I thought giving up chocolate would curb my bad desserting habits a little bit. On the contrary, instead of pounding a handful of semisweet chocolate chips after dinner, I’ve reverted to other alternatives. Making a batch of peanut butter oatmeal cookie dough to have in the fridge and then just baking two cookies at a time worked for a bit. On Friday, though, I didn’t have anymore so I started eating stale marshmallows. Yum.
Then Aaron brought over this GIGANTIC red velvet cake that has like 30 layers of cake with cream cheese frosting in between each one. Sigh.

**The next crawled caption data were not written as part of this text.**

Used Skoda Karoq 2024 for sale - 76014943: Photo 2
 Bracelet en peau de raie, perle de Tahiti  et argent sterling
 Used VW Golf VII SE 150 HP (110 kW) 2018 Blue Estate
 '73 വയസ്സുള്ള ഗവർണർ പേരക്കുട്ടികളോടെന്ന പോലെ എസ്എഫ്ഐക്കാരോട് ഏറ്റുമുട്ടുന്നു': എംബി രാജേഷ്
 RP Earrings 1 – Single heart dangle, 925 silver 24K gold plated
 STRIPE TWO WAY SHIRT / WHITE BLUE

However, being the baker that I am, I know that red velvet cake has cocoa powder in it. Kelly looked up the recipe and found that this specific cake has 3 tablespoons of cocoa powder in it. “But cocoa powder isn’t chocolate!” Wrong-o. I held strong.

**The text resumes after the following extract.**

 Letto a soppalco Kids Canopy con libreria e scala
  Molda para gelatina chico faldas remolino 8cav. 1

Then today I was foodgawking and saw a post for “Homemade Nilla Wafers.” Yay! Easy and no chocolate involved. Done and done.
But alas, these taste nothing like the yellow box. I should have known better. I had a request once for homemade Oreos that also turned out to be fraudulent. I’m done trying to replicate Nabisco.
These are essentially just shortbread cookies. But I slapped some vanilla frosting on them and they’re great. Butter on butter. Just my style.
Frosted Shortbread Cookies
a better term, for this recipe
1 stick butter at room temperature
1/4 cup sugar
1/8 tsp salt
1 tsp vanilla
1 egg yolk
1 cup flour
Combine butter, sugar, and salt. I used my food processor.
Add the vanilla and egg yolk, pulse. Add the flour until the dough starts to gather and form a ball.
Remove from food processor, and roll into a log. Wrap in plastic and let it refrigerate until firm, about 2 hours.
Slice into 1/4 inch rounds, and bake at 350 for 10-12 minutes or until golden around the edges.
You can make your own frosting. I happened to have a can of vanilla on hand. Love ya, Betty Crocker.
I’m sure they’ll be gone by tomorrow. Back to the marshmallows.
I cut out “sugar” for a week, and by sugar I mean chocolatey, cookie like, cakey goodnesses. I ended up using loads of jelly on my PB&J’s to make up for my lack of chocolate. I’m still going strong, but this post is about to break me..these cookies look SO good.